(Short web captions)
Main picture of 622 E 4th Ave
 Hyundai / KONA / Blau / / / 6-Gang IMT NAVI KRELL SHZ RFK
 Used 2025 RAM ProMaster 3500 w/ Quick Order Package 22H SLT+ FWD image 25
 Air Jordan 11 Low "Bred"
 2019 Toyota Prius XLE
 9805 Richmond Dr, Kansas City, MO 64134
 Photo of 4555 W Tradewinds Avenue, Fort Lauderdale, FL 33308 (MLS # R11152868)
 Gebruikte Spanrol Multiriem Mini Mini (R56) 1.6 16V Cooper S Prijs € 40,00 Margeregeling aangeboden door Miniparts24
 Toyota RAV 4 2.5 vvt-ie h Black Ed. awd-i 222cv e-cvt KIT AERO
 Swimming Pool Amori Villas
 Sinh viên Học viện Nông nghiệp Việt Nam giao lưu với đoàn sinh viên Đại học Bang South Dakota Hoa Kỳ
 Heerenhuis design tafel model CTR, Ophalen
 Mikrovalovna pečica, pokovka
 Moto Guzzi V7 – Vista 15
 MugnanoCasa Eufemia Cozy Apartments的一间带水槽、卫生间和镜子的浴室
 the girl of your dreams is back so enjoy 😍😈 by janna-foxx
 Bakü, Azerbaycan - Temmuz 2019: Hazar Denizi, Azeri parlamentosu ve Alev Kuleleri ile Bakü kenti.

### TASK:
Filter the entries above down to the lines that contain the word "Toyota".

### THE ANSWER:
 2019 Toyota Prius XLE
 Toyota RAV 4 2.5 vvt-ie h Black Ed. awd-i 222cv e-cvt KIT AERO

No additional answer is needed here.